The Tsilhqot'in have been in a pitched battled with Taseko for years over the New Prosperity mine.

The BC government issued an environmental certificate for the proposed copper mine, but the federal government, through the Canadian Environmental Assessment Agency (CEAA), refused to issue a certificate not once, but twice.

Taseko is still waiting for a decision on its challenge to that decision through the Federal Court.

It sought two judicial reviews, saying the federal government breached principles of administrative fairness, and that it relied on faulty information supplied by the Natural Resources Canada on the potential for a tailings pond above Fish Lake to seep.

Meanwhile, Taseko said it was obliged under the conditions of the provincial certificate to have the work on the mine substantially started before a 2020 expiration date. Some of the work that has to occur is geotechnical work on a proposed tailings pond.

"As part of the Mines Act permitting process, we would be required to gather more information about the performance characteristics of the bottom of that tailings pond," Taseko spokesperson Brian Battison told Business in Vancouver. "That's what we're planning to do.

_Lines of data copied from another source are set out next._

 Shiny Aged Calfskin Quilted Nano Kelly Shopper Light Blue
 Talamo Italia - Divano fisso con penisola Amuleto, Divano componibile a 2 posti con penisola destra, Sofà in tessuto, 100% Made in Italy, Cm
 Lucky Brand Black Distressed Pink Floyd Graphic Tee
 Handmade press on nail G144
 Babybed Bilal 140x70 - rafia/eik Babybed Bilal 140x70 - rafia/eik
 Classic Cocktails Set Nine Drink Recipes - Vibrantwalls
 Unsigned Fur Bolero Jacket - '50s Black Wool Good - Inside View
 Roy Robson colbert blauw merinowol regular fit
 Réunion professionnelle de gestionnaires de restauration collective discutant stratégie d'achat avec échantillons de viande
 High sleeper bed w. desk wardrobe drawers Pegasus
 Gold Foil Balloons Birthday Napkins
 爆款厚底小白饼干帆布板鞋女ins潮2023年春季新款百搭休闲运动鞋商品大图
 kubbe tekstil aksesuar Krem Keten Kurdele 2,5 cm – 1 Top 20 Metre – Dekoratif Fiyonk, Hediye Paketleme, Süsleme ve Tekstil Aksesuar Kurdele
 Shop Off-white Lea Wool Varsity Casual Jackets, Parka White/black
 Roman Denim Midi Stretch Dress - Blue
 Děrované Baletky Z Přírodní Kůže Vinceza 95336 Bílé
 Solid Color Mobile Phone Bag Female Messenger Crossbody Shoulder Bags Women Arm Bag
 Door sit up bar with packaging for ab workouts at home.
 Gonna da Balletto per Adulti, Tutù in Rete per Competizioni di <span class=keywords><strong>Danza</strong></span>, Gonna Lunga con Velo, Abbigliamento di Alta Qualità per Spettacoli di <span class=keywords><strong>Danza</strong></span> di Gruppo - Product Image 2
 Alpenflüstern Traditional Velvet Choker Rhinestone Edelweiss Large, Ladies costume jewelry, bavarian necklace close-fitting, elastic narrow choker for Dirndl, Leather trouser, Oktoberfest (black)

It's drilling holes, and it's digging test pits."

Because there is a sunset clause in the original certificate issued by the province, Taseko applied for a drilling permit from the province, and received one, despite the fact the CEAA has denied the project an environmental certificate.

The Tsilhqot'in challenged that decision, but the BC Supreme Court upheld the provincial government's decision to issue a notice of work allowing for the geotechnical work to take place.

The Tsilhqot'in appealed the lower court decision, but at the beginning of March, the BC Court of Appeal upheld the lower court ruling.

And now the BC Supreme Court has granted an injunction against the drilling permit upheld by the Appeal Court, pending the Tsilhqot'in's application to the Supreme Court of Canada.

In 2014, the Tsilhqot'in won a landmark legal victory, when the Supreme Court of Canada confirmed Tsilhqot'in title to some of the territory claimed by the First Nation as unceded territory. It also confirmed tradition aboriginal rights to hunt, trap and catch wild horses in a wider area beyond the title land.

Earlier court rulings have found that the Tsilhqot'in do have aboriginal rights, even if not title, in the area where the mine is proposed. The question for the Supreme Court of Canada may be whether the proposed New Prosperity mine would infringe those rights.

While the saga plays out in the courts, Battison said Taseko can, and will, apply to the provincial government for an extension to its original certificate.

"Our position remains unaltered," Battison said. "We will see this through to the end. The New Prosperity deposit is just far too important for British Columbia to ever give up on."

The Tsilhqot'in's position also remains unaltered.

"It is still unfortunate that we, collectively, spend time and resources on exploration for a mine proposal that cannot proceed," Russell Myers Ross, vice-chairman of Tilhqot'in National Government, said in a news release.